Hiral Kanakia, director, Cinemax, said, "Cinemax is aiming at 500 screens in the next five years. We are looking at investing about Rs 400 crore, which will be done partially through private and public offerings."
Shringar Cinemas is looking at raising a total of Rs 120 crores in the next 24 months via debt and equity to fund setting up of another 80 screens.
On the impact of the sudden spurt in screens, Kanakia pointed out that in future, multiplexes will become a weekend sport. That apart, it will also provide an impetus to film production and will push up import of Hollywood films.
Manoj Bhatia, CEO, Inox, said, "The trend will ultimately encourage filmmakers to make varied and experimental cinema." He cited the example of the upcoming Yash Raj film Neal-N-Nikki.
Bhatia also said the increase in screens will in turn also lead to rationalisation of entertainment tax.
Sharvan Shroff, managing director, Shringar Cinemas, said, "The plan to expand screens has been on multiplex operators' agenda for some time now. The rise in the number of malls as well as the pick-up in real estate sector has resulted in the trend."
Shroff says this phenomenon has already impacted the film industry.
"Movies today are targeting the multiplex audiences. This has also lead to segmentation of films which, in turn, helps cater to a larger set of audiences."
Shroff is of the opinion that cinema-goers today receive a superior cinema experience at a marginal premium compared with the older single-screen theatres. Ticket pricing would also be more or less stable.
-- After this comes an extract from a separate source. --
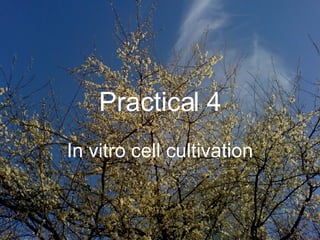 Practical 4 In vitro cell cultivation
A boom in retail shopping has also aided the multiplex boom, as most of them are being set up at or alongside such malls. This will help increase footfall for both multiplexes and shopping malls simultaneously.
An Edelweiss Securities research report, released earlier this year, said the country expects over 220 malls by 2006 and over 600 malls by 2010. The rise in the number of malls means a growth in the number of multiplexes also, the report stated.
PVR, in its prospectus, has stated, "The expected organised retail boom should result in a significant increase in the number of multiplex cinemas as one of the key elements for the success of a mall is its ability to drive footfalls consistently. Multiplexes are one of the anchor tenants in large format malls which increases footfalls by 40 per cent to 50 per cent."
For instance, Inox Leisure announced that it has entered into a tie-up with Pantaloon, a major retail chain and brand in the country, to be its multiplex cinema partner in all its new properties.
Inox's Bhatia said, "The alliance is a win-win for both of us. For Pantaloon it makes available a high quality multiplex operator for all the properties it is associated with and for us it provides preferential access to all real estate developments that Pantaloon is associated with."
All said and done, one of the key factors that multiplex owners need to take heed of is bunching up in one area. "There is a lot of capacity for multiplexes currently, if they are all not bunched up in one location. If players enter markets and location after careful analysis, there is space for everyone to be profitable," Shroff says.